The backlight unit is classified into an edge-illumination type backlight unit and a direct-illumination type backlight unit. The edge-illumination type backlight unit has a relatively thin thickness, and thus the edge-illumination type backlight unit is widely used in a mobile display device.

SUMMARY

Exemplary embodiments of the invention provide a backlight unit with enhanced light incident efficiency and reduced thickness.

Exemplary embodiments of the invention provide a display apparatus including the backlight unit.

According to an exemplary embodiment of the invention, a backlight unit includes a light source which emits light, a light guide plate which receives the light through an incident surface thereof and guides the light, and a back cover which accommodates the light source and is coupled to the light guide plate such that the incident surface is disposed in an inner space thereof, where an air guide area is defined between the light source and the light guide plate in the inner space, and the back cover includes an inclined surface inclined to the incident surface of the light guide plate in the air guide area.

According to another exemplary embodiment of the invention, a display apparatus includes a backlight unit including a light source part which emits light, a light guide plate which receives the light through an incident surface thereof and guides the light, and a back cover which accommodates the light source part and is coupled to the light guide plate such which the incident surface is disposed in an inner space thereof, and a display panel which receives the light guided by the light guide plate to display an image, where an air guide area is defined between the light source part and the light guide plate in the inner space, and the back cover includes an inclined surface inclined to the incident surface of the light guide plate in the air guide area.

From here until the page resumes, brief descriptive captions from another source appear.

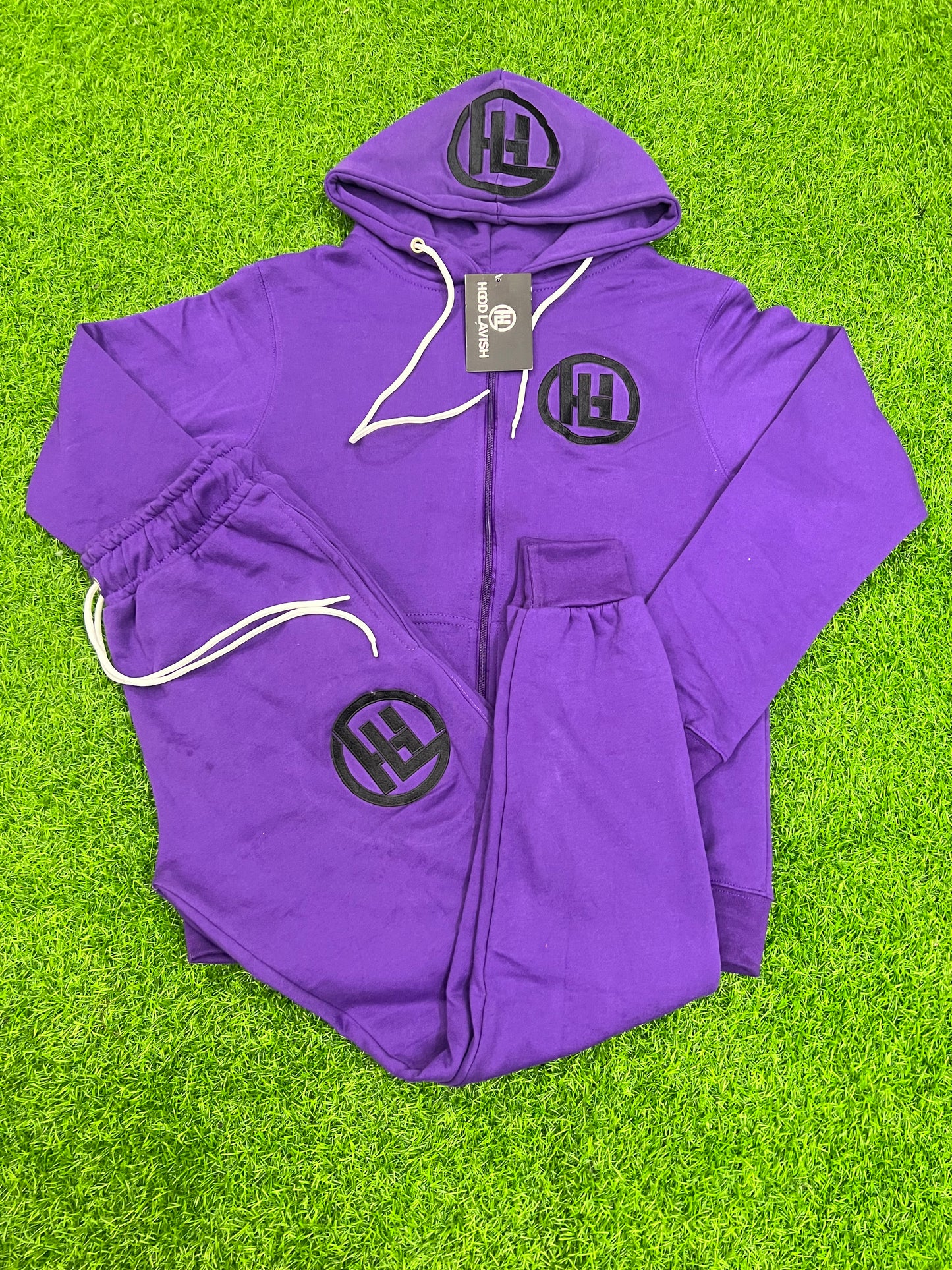 “Grape Purple” Cotton Jogging Suit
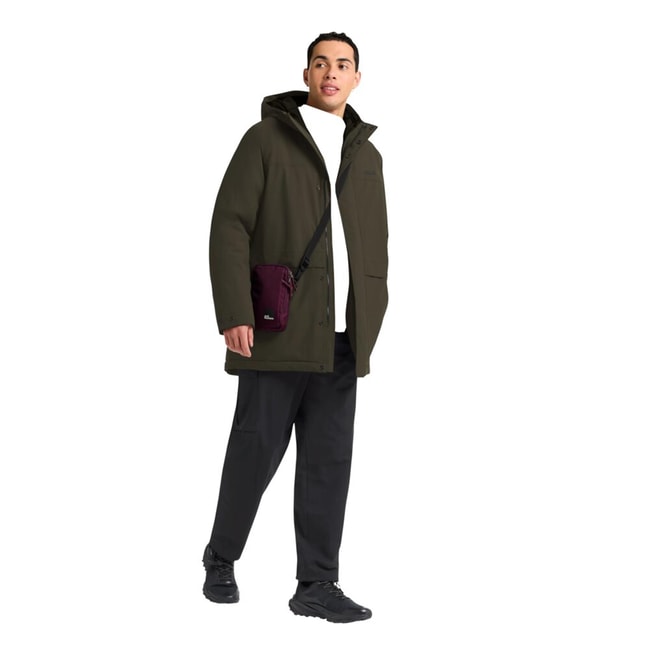 Jack Wolfskın A65022-E0205 Obsıdıan Moss Cold Camp Coat M Erkek Outdoor Mont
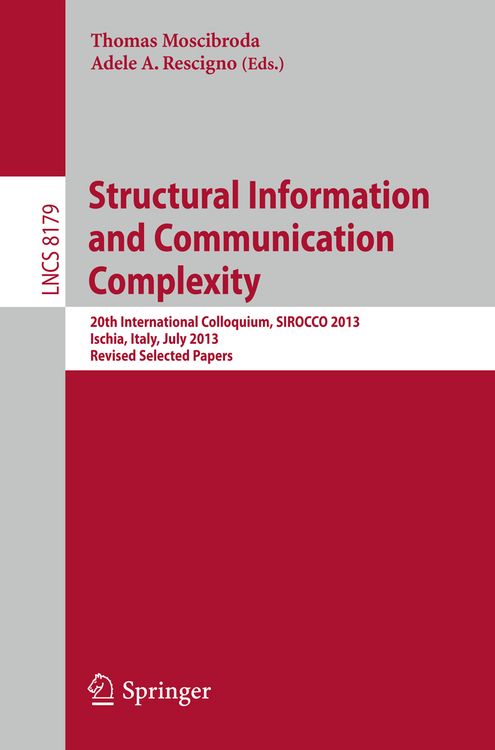 Produktbild: Structural Information and Communication Complexity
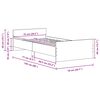 vidaXL kézműves tölgy szerelt fa ágykeret matrac nélkül 75x190 cm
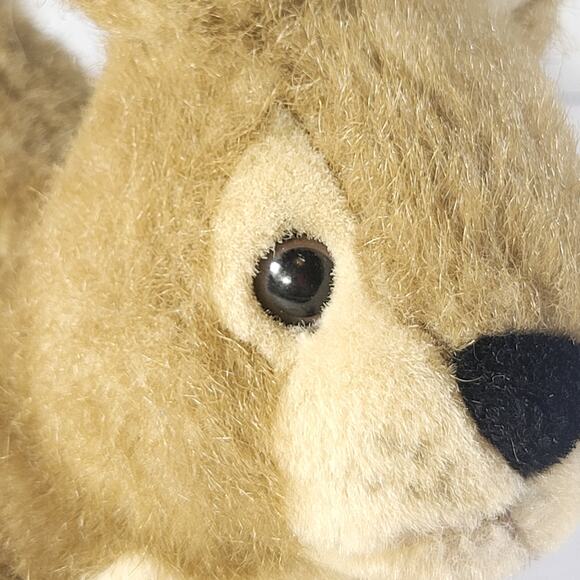 Realistic Brown Tan Rabbit Plush Bunny Stuffed Animal 11" long - Picture 6 of 11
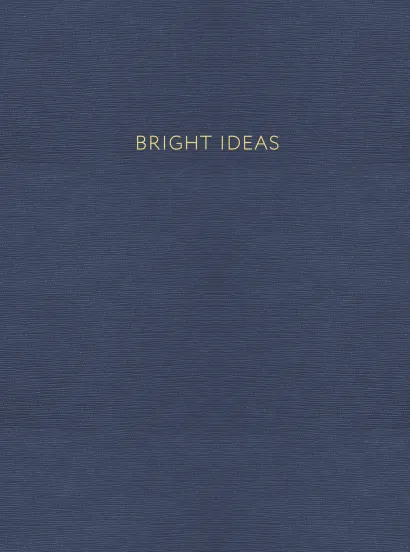 Обложка Bright Ideas (синий) 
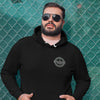 Never Hesitate Round Crest Black Hoodie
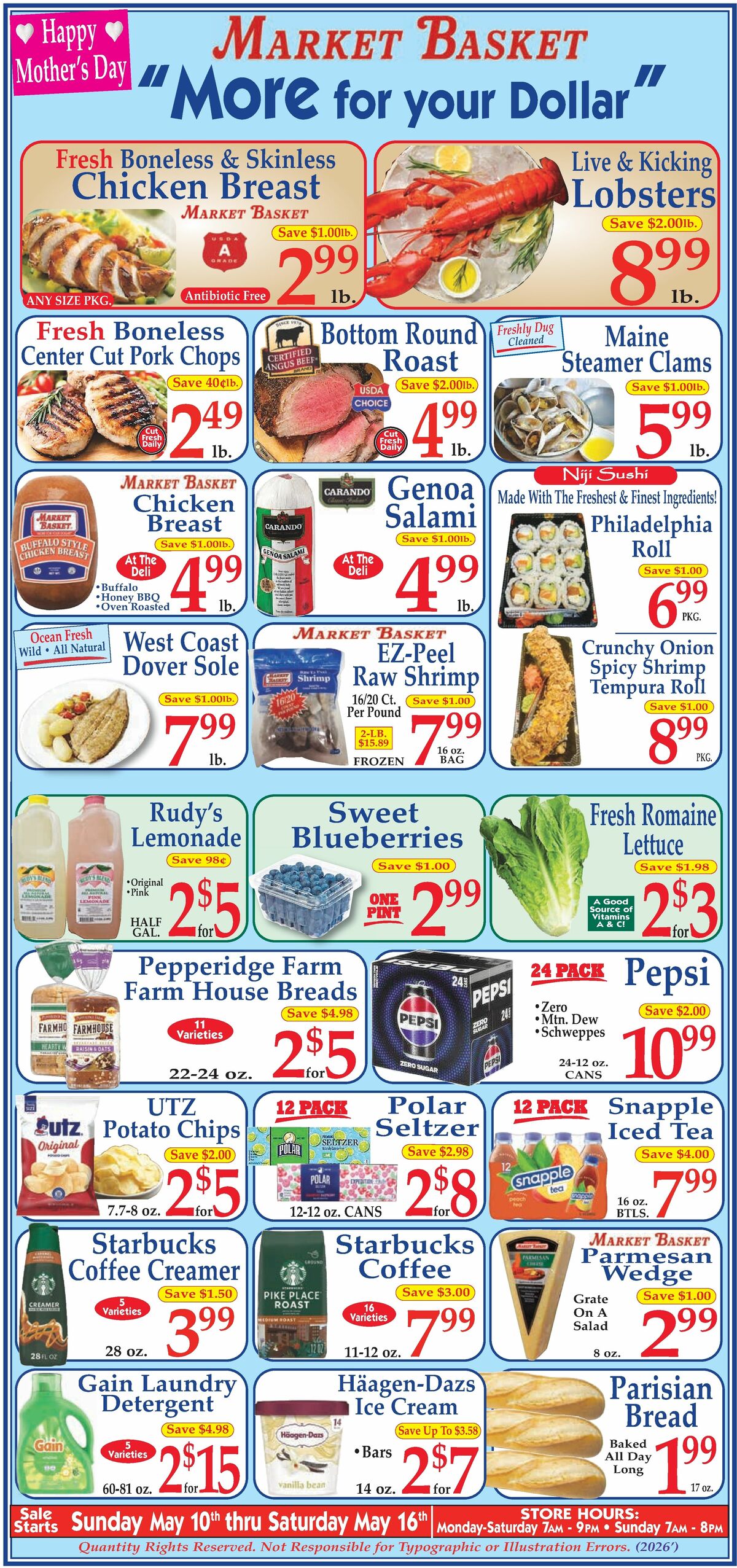 Market Basket Weekly Ad from May 10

According to exemplary embodiments, the air guide area is defined between the light source and the light guide plate and an inclined surface is in the back cover to correspond to the air guide area.

In such embodiments, the light emitted from the light source is reflected by the inclined surface in the air guide area to be guided to the incident surface, and thus a light incident efficiency of the light incident to the light guide plate is substantially improved.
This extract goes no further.